I have a data sheet containing information on ~500 people but multiple rows for each person (containing one prescription for each row, some people have 10 or more each) so entire datasheet has ~5000 rows. I need to work out which people had a specific combination of drugs. The datasheet is called "Prescribing" and the column containing the drug names is "drug_name". For example, I would like to find out who is prescribed "morphine" and "paracetamol" in combination. Do I create a new column for each drug in question (with 0/1 entry to indicate if they had a prescription for the drug in question or not) and then aggregate the file so one row per person, and if so how do I do this? Or is there a different way to do it in R? I am using Tidyverse.

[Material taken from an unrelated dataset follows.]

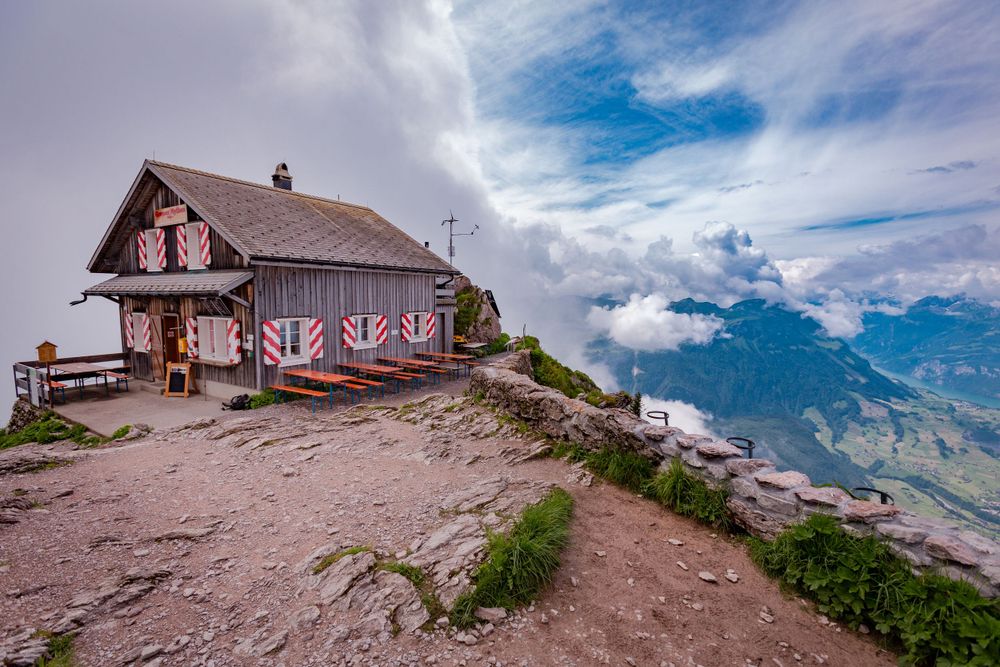 Rustic mountain hut on rocky summit with dramatic cloudy sky and valley views below.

Thank you for this. I have created a dummy dataset because my dataset is in a secure vpn. I had this saved as a csv file but can't upload this to the site I'm afraid - but essentially there are two columns that are important, one with the identifier (each number means one person with several entries each) and one with drug name. I need to work out which people, for example, have morphine and paracetamol in their list of rows of prescriptions. Sorry, I'm afraid that I can't seem to work out how to reprex this (as my R programme is on vpn so can't copy and paste anything).
library(tidyverse)
set.seed(42)
example_df <- tibble(
id = sample.int(1000,1000,replace=TRUE),
drug = paste0(sample(letters,size = 1000,replace=TRUE),sample.int(2,1000,replace=TRUE))
)
# look at common drugs...
table(example_df$drug) %>% sort(decreasing = TRUE) %>% head
#composing the function we want to use
find_ids_with_2_drugs <- function(df,drug_1,drug_2){
df_1 <- filter(df,
drug==drug_1)
df_2 <- filter(df,
drug==drug_2)
inner_join(df_1,
df_2,
by="id")
}
#using it
find_ids_with_2_drugs(example_df,"j1","s1")
# result gives 138 as ameeting the condition
#verify 138
filter(example_df,
id==138)